Iran has not yet provided any fresh information, meanwhile, and the offer came ahead of the IAEA Board of Governors’ quarterly meeting next week, where officials say they anticipate Western powers to press for a resolution urging Iran to cooperate—a step that Tehran typically rebuffs.
Many diplomats see Iran’s offer as a thinly veiled attempt to reduce support for another resolution after a similar one was passed in June, though in the absence of tangible progress there is little to suggest Tehran’s move would scupper a push to formally criticize it at the board.
“(IAEA chief Rafael Grossi) takes note of Iran’s proposal to hold a further technical meeting with senior Agency officials in Tehran before the end of the month, but stresses that this meeting should be aimed at effectively clarifying and resolving those issues,” one of two confidential IAEA reports on Iran sent to member states on Thursday ahead of the board meeting said.
The issue has become an obstacle in wider talks to revive Iran’s 2015 nuclear deal with world powers, since Tehran has demanded a closure of the IAEA’s investigation in those talks.
The IAEA has said it will not yield to political pressure and its job is to account for all nuclear material. The fact material that has not been accounted for appears to have been present at these sites is therefore an issue it must keep looking into until it is resolved.

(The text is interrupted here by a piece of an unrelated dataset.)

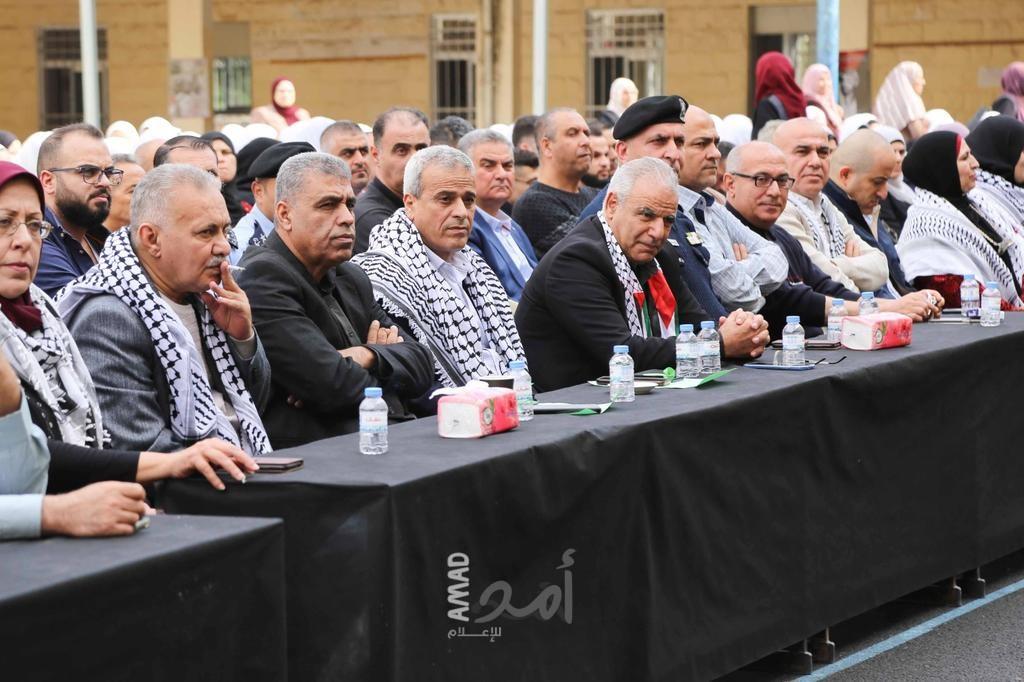 قلقيلية: إحياء الذكرى الثامنة عشر لأستشهاد الرئيس الرمز ياسر عرفات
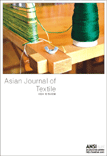 Asian Journal of Textile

“You can see the pattern of Iran is always similar. Every board there is something they try to do just before the board. Historically you see a pattern,” the senior diplomat said when asked about the planned meeting in Tehran, pointing to previous meetings and offers preceding Board of Governors sessions.
Diplomats said Britain, France, Germany, known as the E3, and the United States planned to press ahead with another resolution.
One diplomat said that Iran’s latest overtures were unlikely to change that stance. The latest resolution would aim to garner more support from board members than in June, while being tougher given Iran’s ongoing non-compliance, the diplomat said.
The E3 and the United States will hold talks in Paris on Monday to discuss Iran ahead of the board meeting, two diplomats said. The State Department did not immediately respond to request for comment.